- **AIM OF THE TASK**
Restate the whole listing below word for word and keep the images out.

- **SUPPLIED MATERIAL**
· · · ·

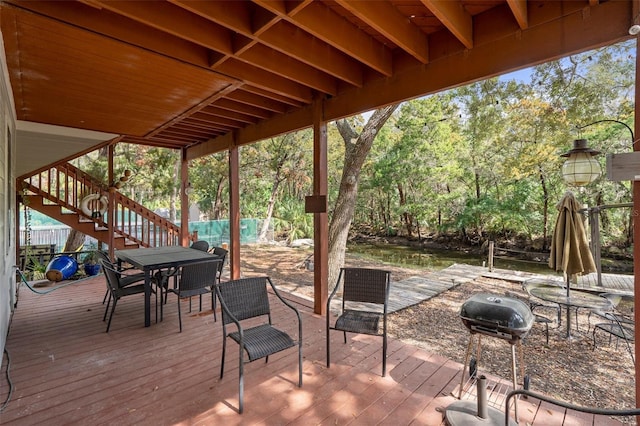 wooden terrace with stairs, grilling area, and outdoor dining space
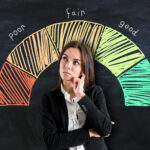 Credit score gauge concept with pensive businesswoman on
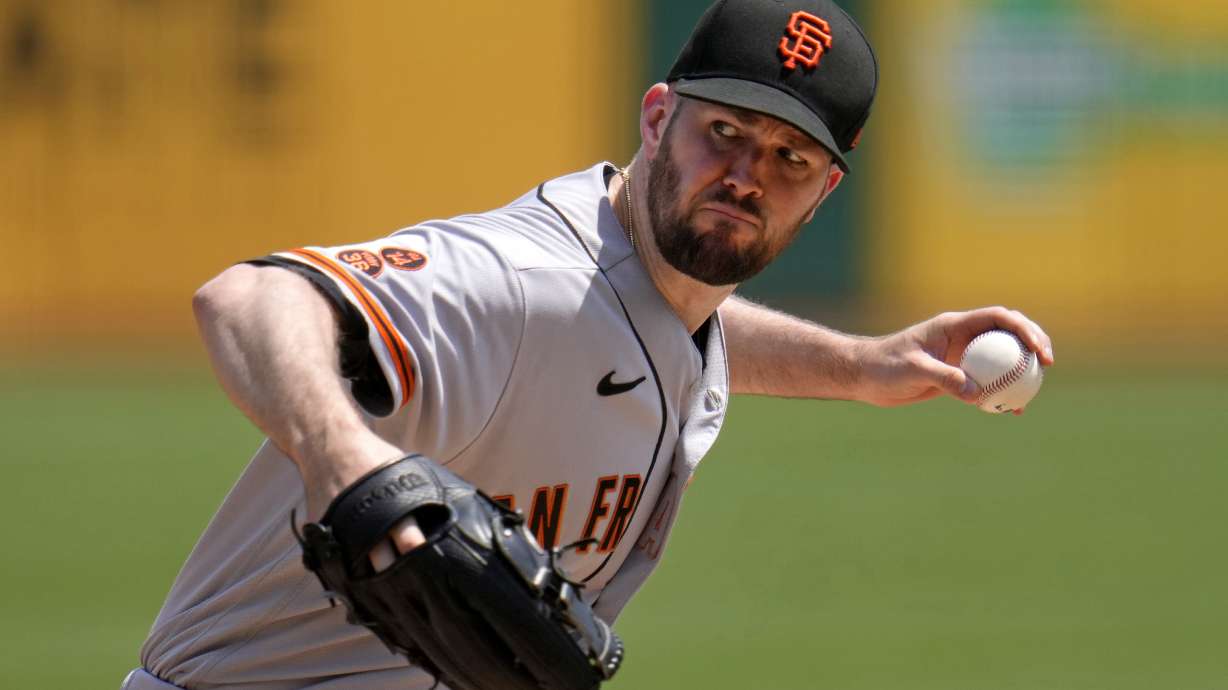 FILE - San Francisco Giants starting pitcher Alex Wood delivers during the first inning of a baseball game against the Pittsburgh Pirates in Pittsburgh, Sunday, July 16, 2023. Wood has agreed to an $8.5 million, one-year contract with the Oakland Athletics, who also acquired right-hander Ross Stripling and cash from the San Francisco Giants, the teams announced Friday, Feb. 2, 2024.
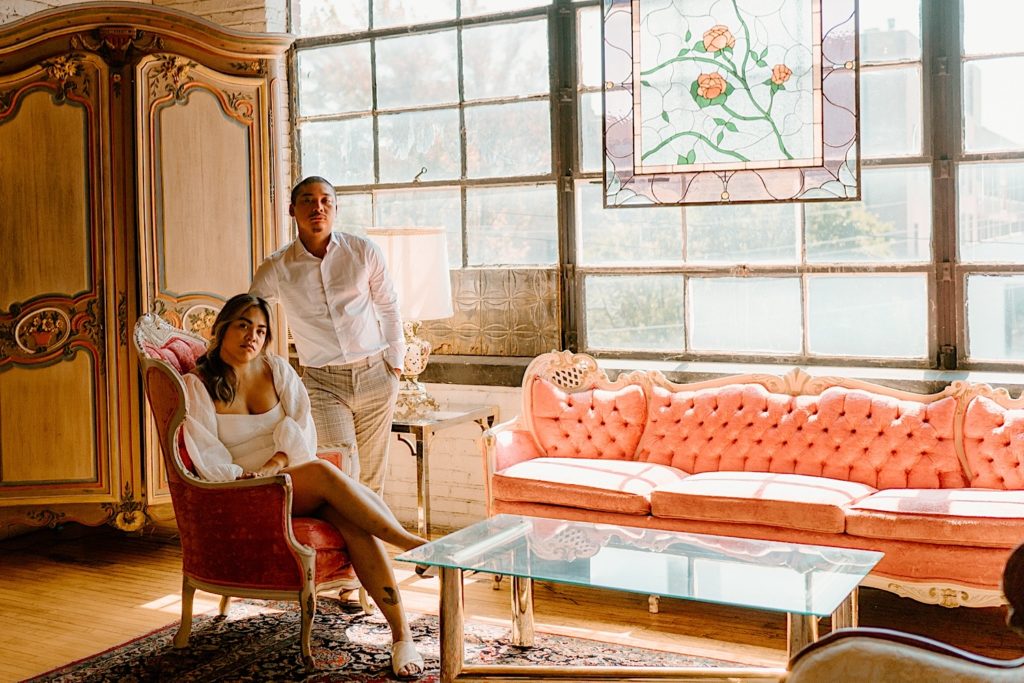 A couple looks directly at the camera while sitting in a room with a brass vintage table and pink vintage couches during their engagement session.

· · · ·

- **FINISHED TASK**
 wooden terrace with stairs, grilling area, and outdoor dining space
 Credit score gauge concept with pensive businesswoman on
 FILE - San Francisco Giants starting pitcher Alex Wood delivers during the first inning of a baseball game against the Pittsburgh Pirates in Pittsburgh, Sunday, July 16, 2023. Wood has agreed to an $8.5 million, one-year contract with the Oakland Athletics, who also acquired right-hander Ross Stripling and cash from the San Francisco Giants, the teams announced Friday, Feb. 2, 2024.
 A couple looks directly at the camera while sitting in a room with a brass vintage table and pink vintage couches during their engagement session.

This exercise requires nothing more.